La maison est entièrement construite en pierre naturelle couleur sable, y compris les terrasses et les sols intérieurs. Pour apporter du contraste, le paysagiste a misé sur des pavés de basalte noir pour les allées: «Je tenais à mettre en valeur l’architecture. Le noir tranche avec la pierre naturelle, et j’ai volontairement laissé les pavés se faufiler librement à travers le jardin et autour des sculptures. J’ai aussi opté pour une végétation sobre, avec principalement des graminées, des haies mixtes et quelques touches florales. C’est une sorte de toile de fond verte et discrète qui enveloppe le pavillon et les œuvres.»

Le chemin en pavés de basalte serpente entre les sculptures. La végétation se fait discrète afin que l’art et le pavillon retiennent toute l’attention. 

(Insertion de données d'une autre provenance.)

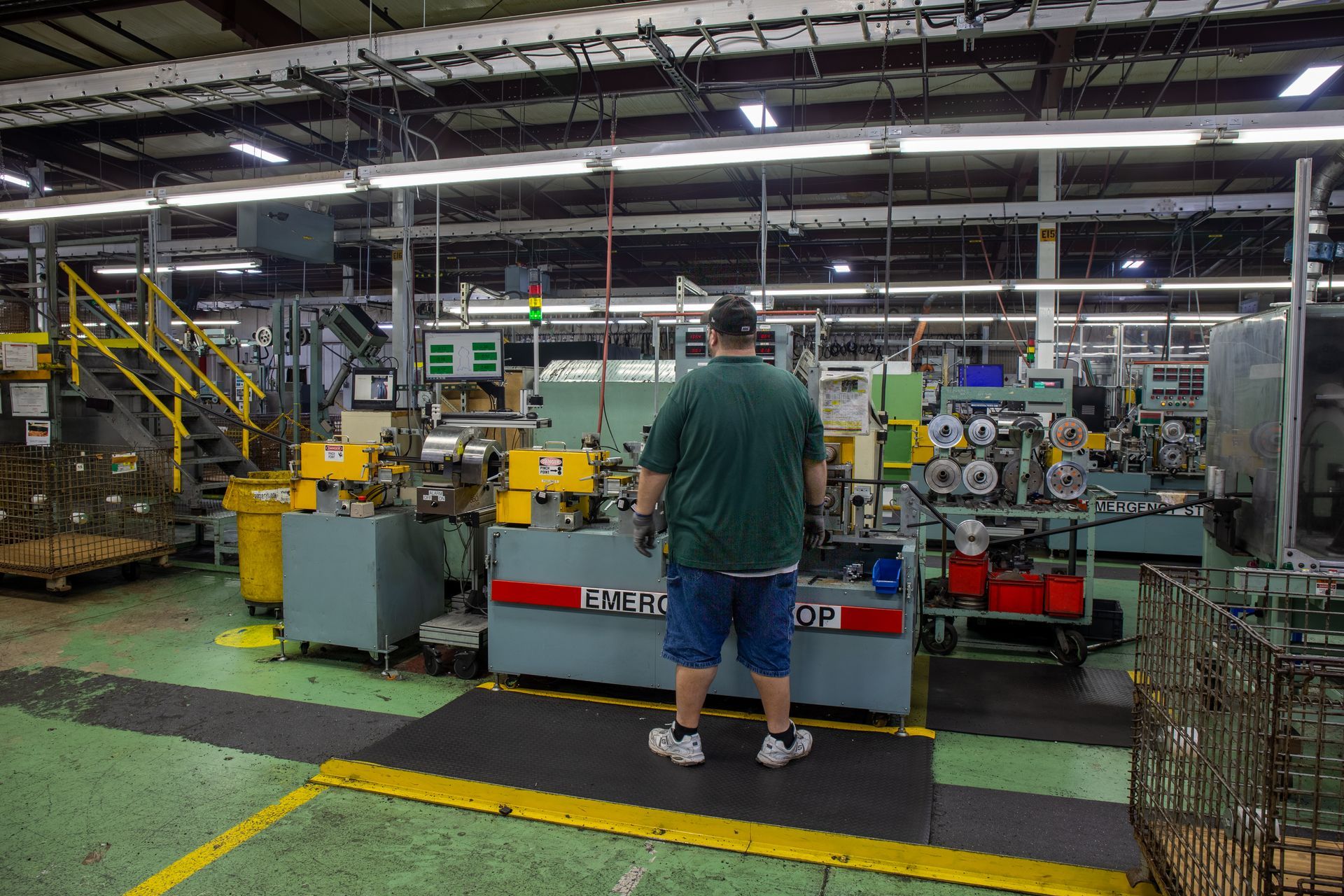 Man operating machinery in a factory. He stands on a mat facing a large machine with rolls of material.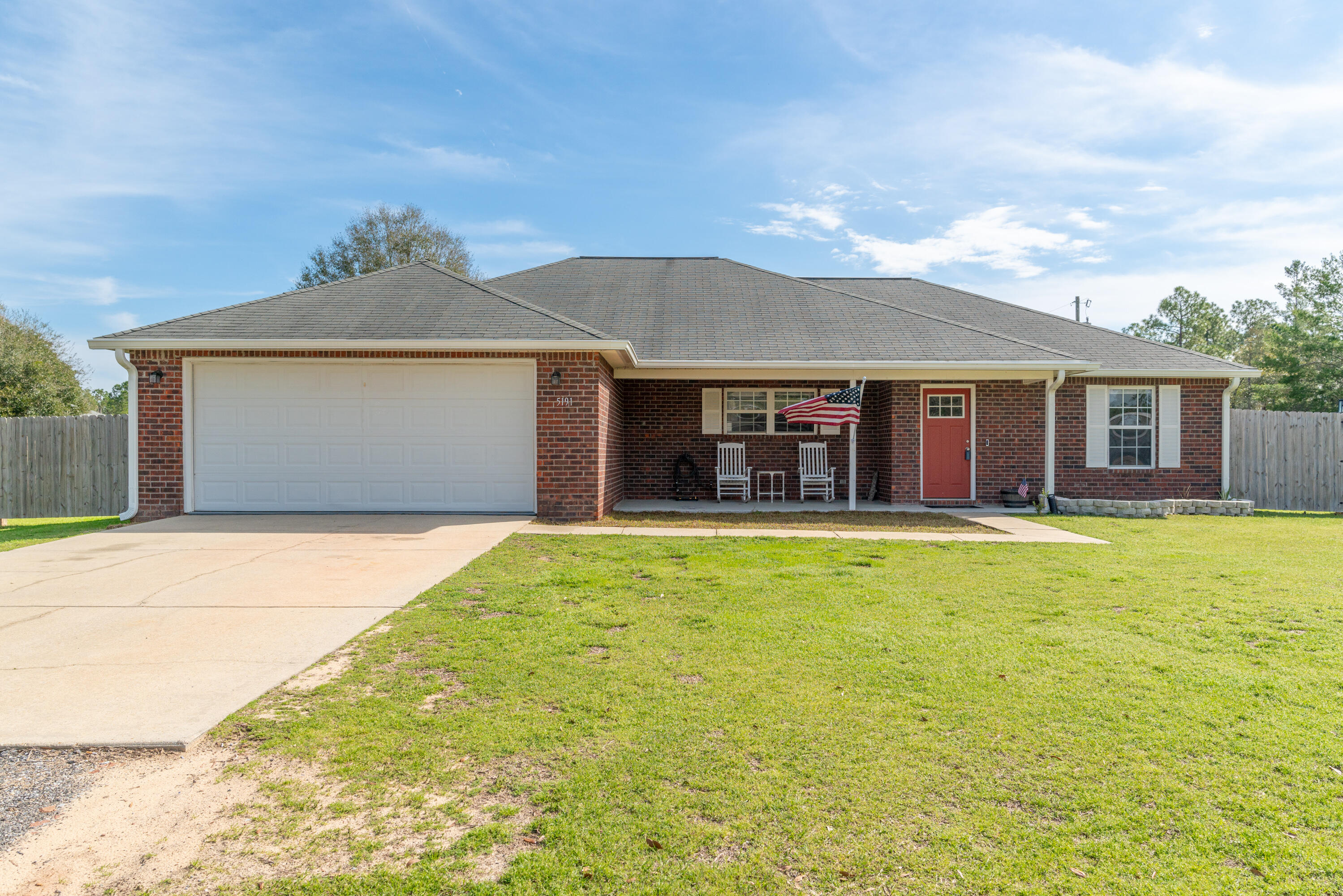 5191 Quince Avenue Crestview, FL 32539 - Photo 2 of 45 front view of a house with a yard
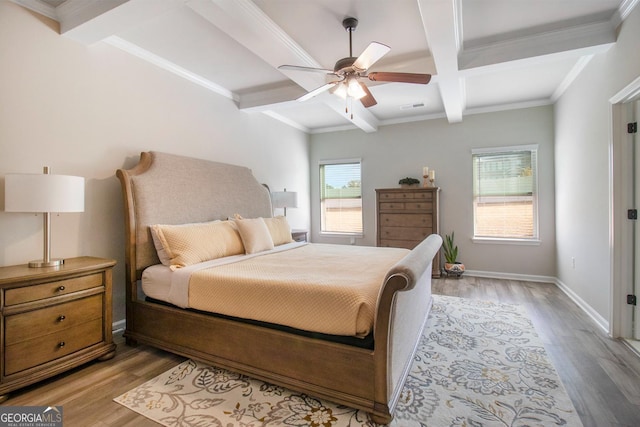 bedroom with coffered ceiling, visible vents, baseboards, beam ceiling, and light wood finished floors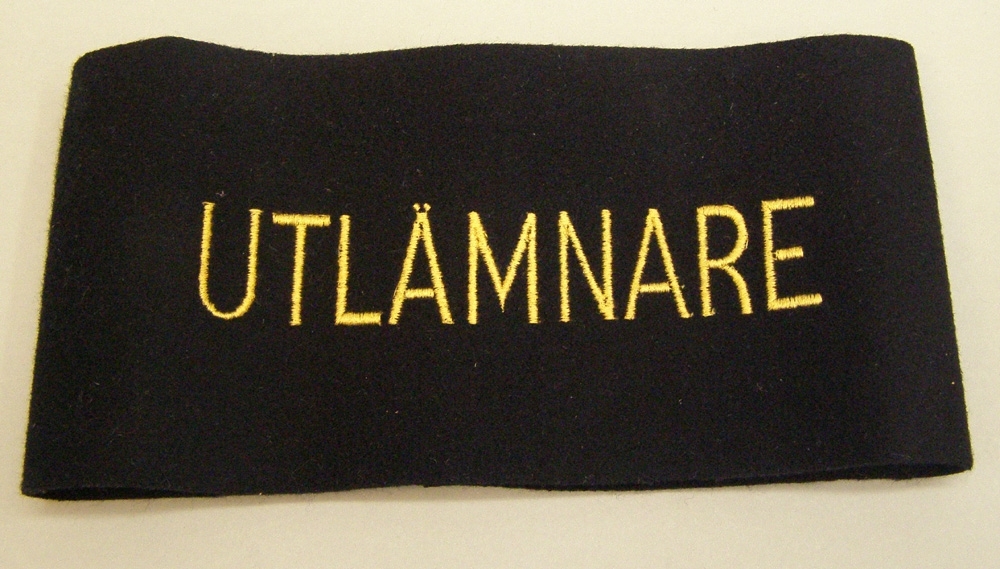 Armbindel av svart kläde med texten UTLÄMNARE broderat i gult. Bokstäverna är 27 mm höga.
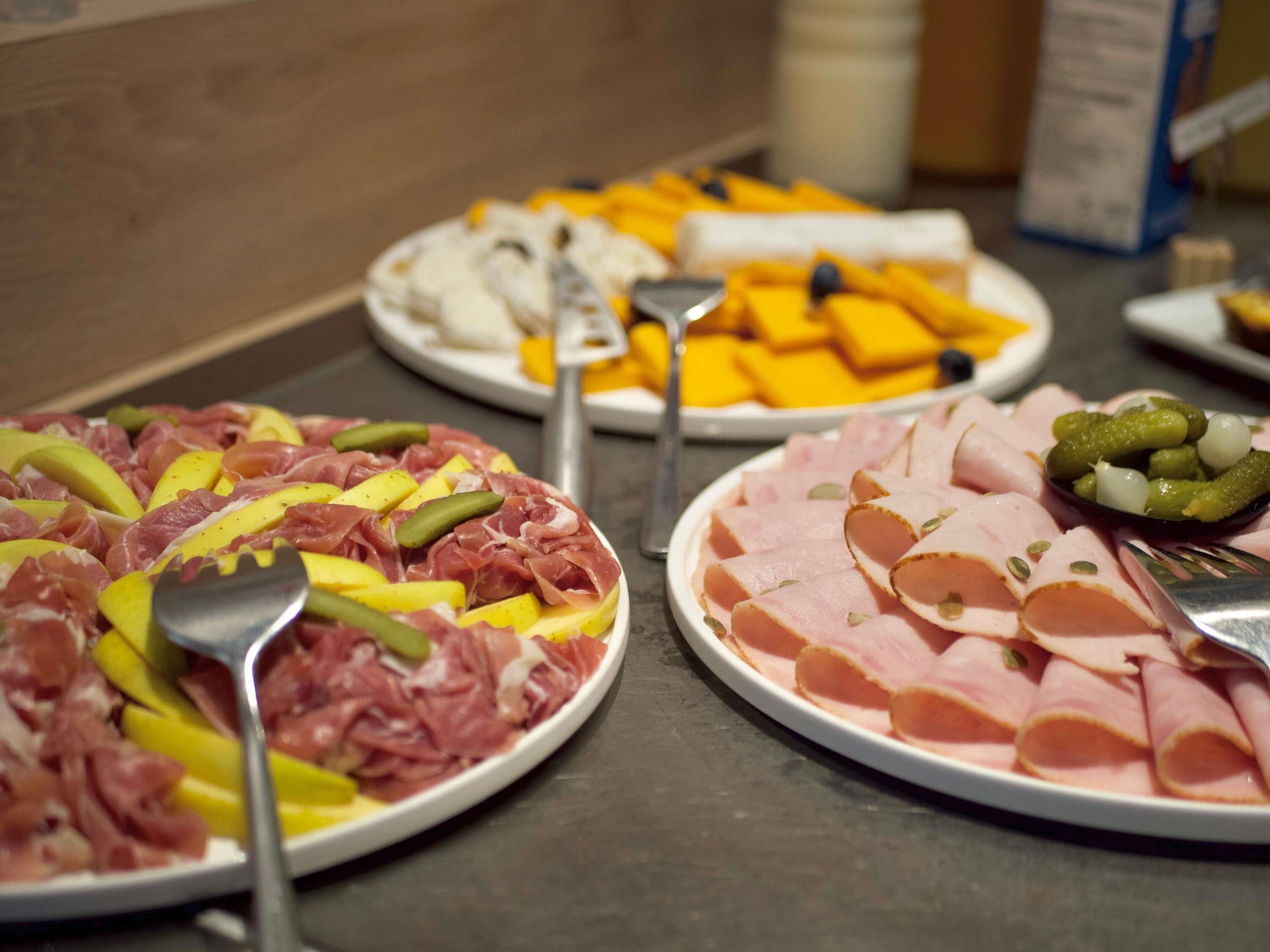 Een buffet met diverse gerechten, waaronder vleeswaren en kazen.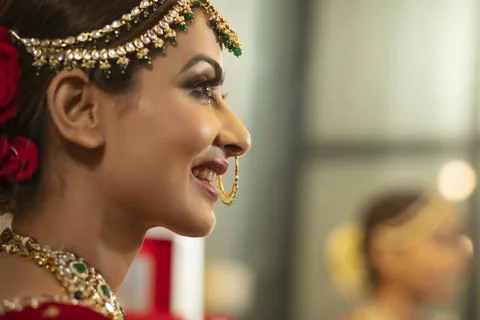 Indian bride during the makeup session Stock Photos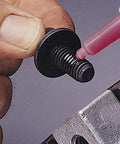 Loctite 263 red automotive threadlocker applied to a small steel bolt with washer; close-up view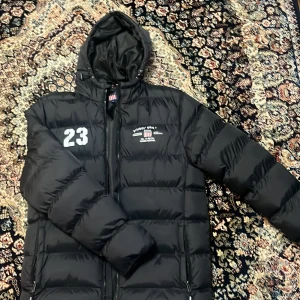 Svart pufferjacka från Vinson, M - Svart pufferjacka från Vinson med huva, dragkedja och vita tryckdetaljer som '23' och logga på bröstet. Jackan är vadderad och har sportig vibe, perfekt för kalla dagar. Snygga detaljer och klassisk amerikansk stil.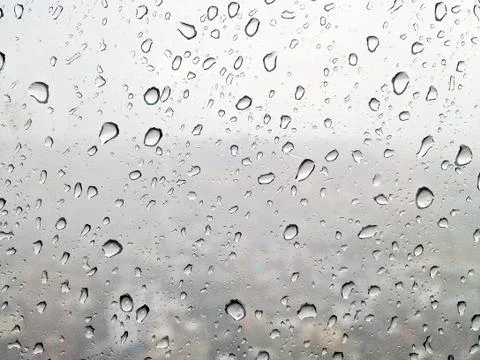 Rain drops on window Stock Photos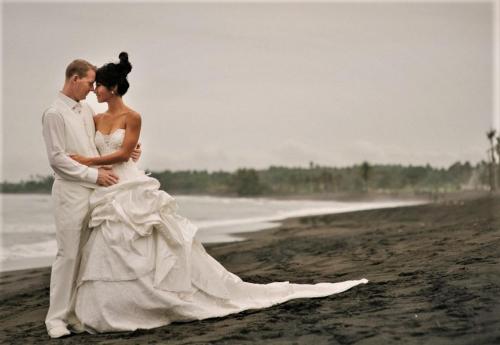a bride and groom standing on the beach at Mayo Resort in Umeanyar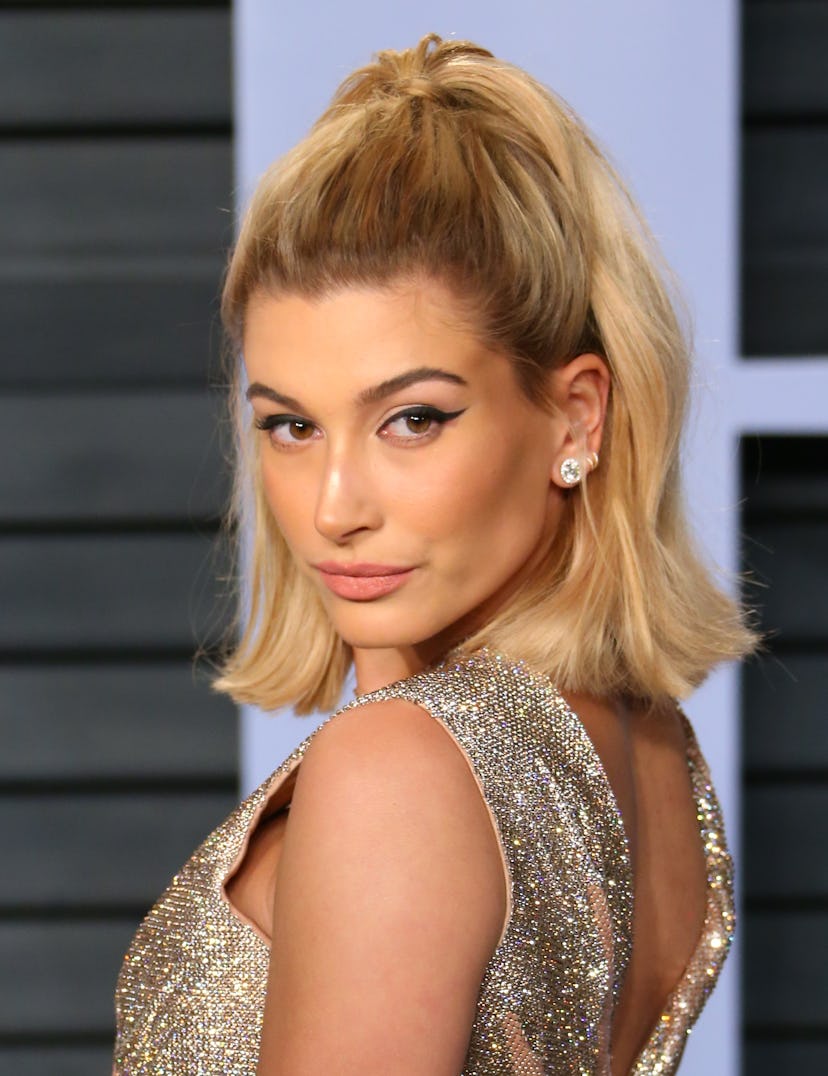 Hailey Baldwin wears her hair half-up at the 2018 Vanity Fair Oscar Party following the 90th Academ…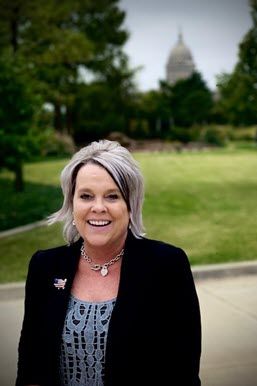 A smiling white woman in a blue dress and black blazer stands outside in front of what appears to be the state capitol of Oklahoma.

L’harmonie entre les créations du trio est totale. Le jardin sublime l’architecture, et chaque fenêtre cadre un tableau vivant. Rien n’est tapageur. Si les œuvres semblent presque cachées ou disposées de manière asymétrique, elles vous happent naturellement. Une interaction singulière qui n’est possible que si chaque élément est pensé comme un prolongement des autres. Ici, la frontière entre l’art et l’architecture est ténue. «Souvent, l’accent est mis sur la fonctionnalité et l’esthétique, conclut Arjaan De Feyter. Dans ce cas-ci, les limites sont plus floues. Les propriétaires, qui baignent dans le milieu artistique, comprennent l’importance d’un concept global. Cela aboutit à un résultat des plus épurés. Et il faut clairement du courage pour accorder une telle confiance.»